When Lee Johnson enrolled at California’s SCI-Arc in the mid-1990s, one of his initial assignments was to first make ink, and then paper.
“I thought it was juvenile, but in hindsight it was one of the coolest things I ever did,” he says. “It was a very intimate thing – to learn things from the inside out.”
It was an experience that would pay off in spades during the Great Recession of 2008-09. Out of work when the firm that employed him shut down, he spent about a year looking for a new direction. “I woke up one day and decided to start a shorts company,” he says. “All my energy went into making my face look like I knew what talking about.”
He made his first pair of shorts just like he made that ink and paper in school – and never looked back.
His is no ordinary shorts company. It offers up a literary reference in its name, one Johnson purloined from Jack Kerouac’s “On the Road.” He named it for Bull Lee, the New Orleans-based alter ego of William S. Burroughs, author of “Junkie” and “Naked Lunch.”
Now he’s got an uber-prep line of clothing for men – shirts, shorts, and boardshorts that are made in Italy and North Carolina. His material of choice? Exquisite cotton – grown in the states, woven in Malaysia, and shipped back here or to Europe for tailoring.

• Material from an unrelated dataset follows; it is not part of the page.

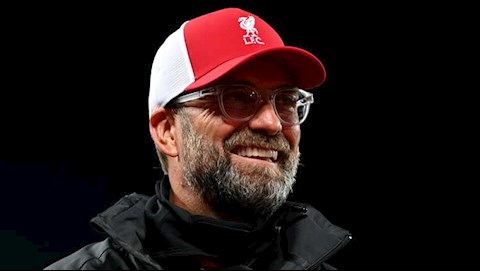 Klopp nhận định có 8 đội bóng đua vô địch NHA mùa này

The pieces hold up because he believes in integrity and craftsmanship and making things that last – from the inside out. “The intent is not to be trendy – it’s to make it good and stand the test of time,” he says.
And he’s got his customers’ backs, too. “The people who come to us, I feel like we’re on the same team,” he says. “And my little piece of the world is to make these shorts for the people on my team.”
That translates into a product that’s as durable as a new pair of blue jeans. “Your relationship with them is like a girlfriend – it gets good over time,” he says. “They’re a little bright at first but by summer two or summer three, they turn into butter – you’ll instinctively grab them off the top of the clothes pile all summer long.”
Like a girlfriend? Well, yes. His target market, after all, is young men in their 30s.